PYNQ-Torch: a framework to develop PyTorch accelerators on the PYNQ platform

Dear Manohar,
I ran into an unexpected problem: I am having trouble regenerating the bitstream for the Regression example using the provided Vivado Files, where the build is erroring out during “place_design”.
I am trying to regenerate a bitstream from a minimally modified copy of the project.
The only changes I made were to upgrade IP blocks from Vivado 2018.2 to 2018.3, and to manually add the Vivado_HLS_Files folder as an IP repository in the IP catalog.
The errors mostly say “This design requires more LUT as Logic cells than are available in the target device”.
I attached a screenshot of the error messages. Have you seen these before when generating a bitstream from this Vivado project on a new PC?

Hi Gheorghe,

Sorry for the late response, got caught up with work. So if you tried unrolling or pipelining a lot, you may run out of resources on the FPGA. That is the reason why I used pipeline in some places and unrolling elsewhere.

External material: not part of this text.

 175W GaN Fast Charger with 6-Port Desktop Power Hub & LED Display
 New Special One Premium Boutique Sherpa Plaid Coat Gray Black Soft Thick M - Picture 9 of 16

So line 55-59 are taken from the source code of pytorch. Basically, I modelled how they were doing operations in the backend. I assuming it is the vanishing gradients.

Dear Manoharvhr,

Can I ask you to point me to the pytorch source code from which lines 55-59 are modeled after?

I could not find it in these pages, containing the source code for the backward() function.

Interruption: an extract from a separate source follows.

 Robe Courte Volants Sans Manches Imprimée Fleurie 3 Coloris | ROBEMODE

https://pytorch.org/docs/stable/_modules/torch/autograd.html#backward

https://pytorch.org/docs/stable/_modules/torch/tensor.html#Tensor.backward

I ask this because I ran into some unexpected behavior when modifying your backward_lite() driver.

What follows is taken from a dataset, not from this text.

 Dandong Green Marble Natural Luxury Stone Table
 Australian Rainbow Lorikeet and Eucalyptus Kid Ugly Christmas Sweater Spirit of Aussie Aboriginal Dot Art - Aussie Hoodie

I modified your main.cpp function for backward_lite to calculate gradients for a single 2x7 linear layer instead of a 1x5 linear layer. I attached this modified main.cpp function below.

main.cpp (4.8 KB)

Following your “Regression” example, I exported this driver to VHDL using Vivado HLS, and integrated this IP core in the “Regression” Vivado project, replacing the original backward_lite driver.

I built a bitstream from this project, loaded it onto my board, and replaced loss.backward() in my training function with code to send data to and from the backward_lite driver. This modified pytorch project, and the relevant bitstream files for PYNQ-Z1 are attached in a zip file below.

Naive_MLP_collision_PYNQ.zip (503.6 KB)

I kept an unmodified copy of the original PyTorch project, and also ran it on my PYNQ-Z1 board to double check the results from the backward_lite driver. I have attached this file below as well.

Naive_MLP_collision.zip (3.6 KB)

Here are some differences I have observed between my original pytorch project and my accelerated pytorch project:

  1. In the original project, the maximum value for the calculated gradient seems to start out at around 10-20. However, in the PYNQ-accelerated project, the maximum value for the calculated gradient seems to hardly ever exceed 5-6.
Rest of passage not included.